22 noviembre 2017

El ruedo ibérico


I
El reinado isabelino fue un albur de espadas: Espadas de sargentos y espadas de generales. Bazas fulleras de sotas y ases.

  II
  El General Prim caracoleaba su caballo de naipes en todos los baratillos de estampas litográficas: Teatral Santiago Matamoros, atropella infieles tremolando la jaleada enseña de los Castillejos:
  —¡Soldados, viva la Reina!

  III
  Los héroes marciales de la revolución española no mudaron de grito hasta los últimos amenes. Sus laureadas calvas se fruncían de perplejidades con los tropos de la oratoria demagógica. Aquellos milites gloriosos alumbraban en secreto una devota candelilla por la Señora. Ante la retórica de los motines populares, los espadones de la ronca revolucionaria nunca excusaron sus filos para acuchillar descamisados. El Ejército Español jamás ha malogrado ocasión de mostrarse heroico con la turba descalza y pelona que corre tras la charanga.

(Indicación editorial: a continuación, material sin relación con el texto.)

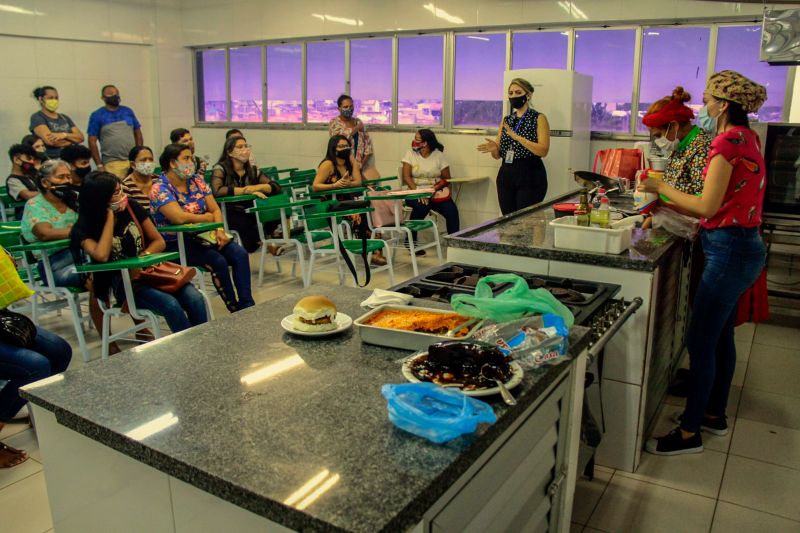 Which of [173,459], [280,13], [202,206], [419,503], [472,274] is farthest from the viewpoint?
[280,13]

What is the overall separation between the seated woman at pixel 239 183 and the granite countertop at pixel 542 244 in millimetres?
2397

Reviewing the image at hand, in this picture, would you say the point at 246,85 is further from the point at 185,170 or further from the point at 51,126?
the point at 185,170

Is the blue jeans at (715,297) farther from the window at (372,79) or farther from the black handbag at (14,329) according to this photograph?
the window at (372,79)

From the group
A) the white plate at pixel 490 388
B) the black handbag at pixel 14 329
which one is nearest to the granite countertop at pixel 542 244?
the white plate at pixel 490 388

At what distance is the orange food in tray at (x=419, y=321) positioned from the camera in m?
1.70

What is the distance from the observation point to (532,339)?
1.58 metres

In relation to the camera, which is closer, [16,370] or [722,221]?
[722,221]

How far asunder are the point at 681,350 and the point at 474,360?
2614 millimetres

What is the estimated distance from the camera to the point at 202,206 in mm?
4230

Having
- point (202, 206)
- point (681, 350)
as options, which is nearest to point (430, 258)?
point (202, 206)

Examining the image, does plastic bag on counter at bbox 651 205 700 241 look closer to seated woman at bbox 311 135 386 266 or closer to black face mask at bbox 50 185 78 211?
black face mask at bbox 50 185 78 211

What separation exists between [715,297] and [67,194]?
10.6 feet

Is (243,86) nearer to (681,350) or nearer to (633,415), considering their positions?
(681,350)

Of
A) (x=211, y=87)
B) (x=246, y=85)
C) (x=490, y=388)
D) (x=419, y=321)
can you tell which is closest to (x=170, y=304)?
(x=419, y=321) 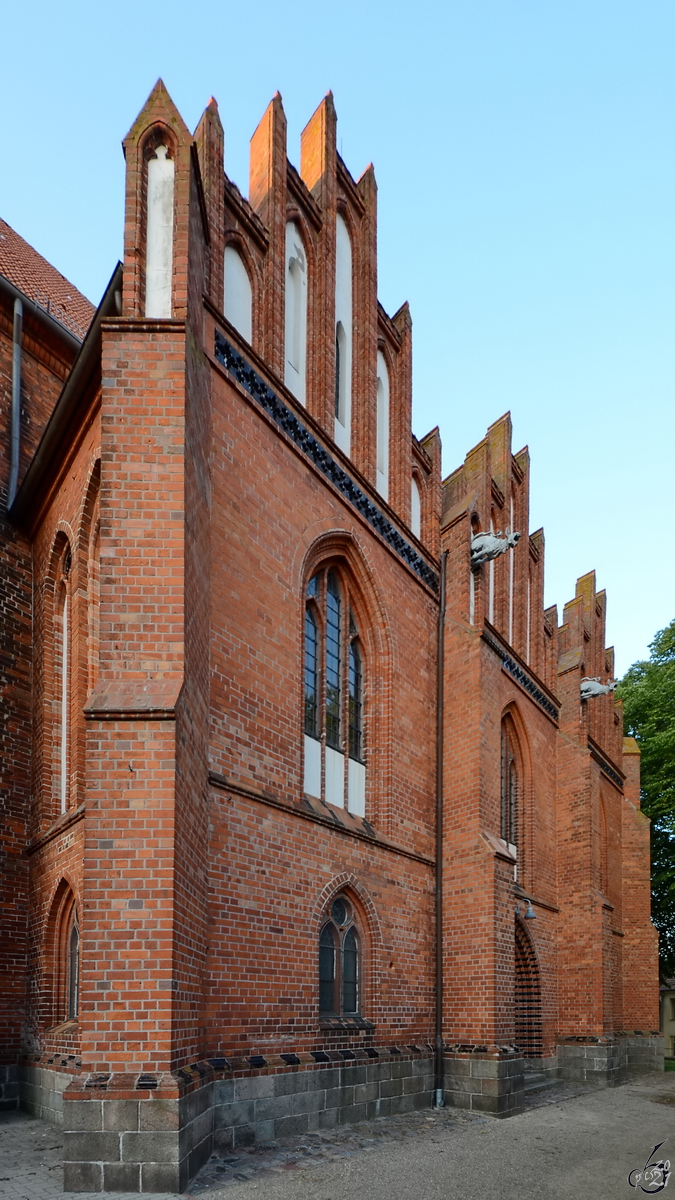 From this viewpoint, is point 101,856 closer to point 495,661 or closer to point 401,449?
point 401,449

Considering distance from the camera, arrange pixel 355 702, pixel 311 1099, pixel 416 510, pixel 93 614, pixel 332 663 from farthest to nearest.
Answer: pixel 416 510
pixel 355 702
pixel 332 663
pixel 93 614
pixel 311 1099

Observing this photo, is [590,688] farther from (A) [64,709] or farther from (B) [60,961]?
(B) [60,961]

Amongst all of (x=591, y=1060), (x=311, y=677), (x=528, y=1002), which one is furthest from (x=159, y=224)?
(x=591, y=1060)

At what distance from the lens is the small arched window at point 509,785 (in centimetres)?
1864

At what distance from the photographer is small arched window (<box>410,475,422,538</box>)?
15469 mm

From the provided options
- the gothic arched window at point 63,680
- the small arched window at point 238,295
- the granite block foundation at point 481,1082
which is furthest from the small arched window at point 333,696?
the granite block foundation at point 481,1082

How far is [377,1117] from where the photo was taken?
38.4 feet

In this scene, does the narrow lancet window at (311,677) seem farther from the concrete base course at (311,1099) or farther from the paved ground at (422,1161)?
the paved ground at (422,1161)

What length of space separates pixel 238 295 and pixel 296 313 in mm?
1513

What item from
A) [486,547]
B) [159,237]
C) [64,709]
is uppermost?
[159,237]

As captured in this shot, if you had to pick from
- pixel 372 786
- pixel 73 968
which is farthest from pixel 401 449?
pixel 73 968

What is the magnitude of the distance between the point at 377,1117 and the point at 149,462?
7.92m

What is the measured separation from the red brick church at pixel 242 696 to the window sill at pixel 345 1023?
85 mm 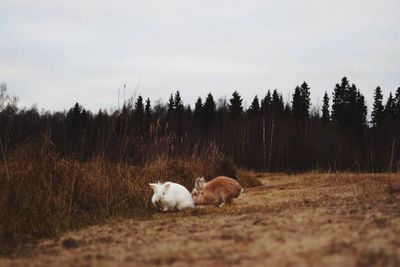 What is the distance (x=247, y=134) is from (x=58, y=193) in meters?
31.5

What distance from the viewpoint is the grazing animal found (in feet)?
22.3

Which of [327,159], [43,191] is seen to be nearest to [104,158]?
[43,191]

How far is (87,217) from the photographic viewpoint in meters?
5.92

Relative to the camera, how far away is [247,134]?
37.0 m

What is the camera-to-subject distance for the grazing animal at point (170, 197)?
22.3 feet

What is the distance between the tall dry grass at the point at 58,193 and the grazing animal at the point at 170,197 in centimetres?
24

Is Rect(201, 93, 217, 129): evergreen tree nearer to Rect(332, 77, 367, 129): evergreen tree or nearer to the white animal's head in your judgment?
Rect(332, 77, 367, 129): evergreen tree

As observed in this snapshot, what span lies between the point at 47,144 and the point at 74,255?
136 inches

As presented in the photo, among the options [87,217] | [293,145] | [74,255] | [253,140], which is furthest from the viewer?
[253,140]

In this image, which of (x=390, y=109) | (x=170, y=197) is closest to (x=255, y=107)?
(x=390, y=109)

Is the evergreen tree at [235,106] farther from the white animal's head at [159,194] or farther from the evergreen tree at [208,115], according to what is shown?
the white animal's head at [159,194]

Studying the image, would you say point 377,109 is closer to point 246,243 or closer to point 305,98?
point 305,98

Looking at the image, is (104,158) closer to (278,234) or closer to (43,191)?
(43,191)

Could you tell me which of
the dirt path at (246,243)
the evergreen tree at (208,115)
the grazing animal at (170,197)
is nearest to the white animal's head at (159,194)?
the grazing animal at (170,197)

Con esas tres viñetas comienza Aires nacionales, el primero de los diez libros que componen La corte de los milagros, primera entrega de El ruedo ibérico. 
Acaba de publicarlo Cátedra Letras Hispánicas en edición anotada de Diego Martínez Torrón, que en su estudio introductorio lo define como “la obra cumbre de la narrativa universal del siglo XX. Una obra maestra que parece escrita para un lector lector/a de otro siglo posterior.”
Un ciclo que –añade- se caracteriza por “una perfecta técnica narrativa”, “un estilo inigualable” y “un retrato de la época que abarca desde las clases altas de la corte a las clases bajas de la sociedad.”
Fue el más ambicioso de los proyectos literarios de Valle-Inclán, el más sostenido en el tiempo y, a pesar de que quedó inconcluso, a la escritura del ciclo novelístico El ruedo ibérico le dedicó una constancia poco frecuente en él.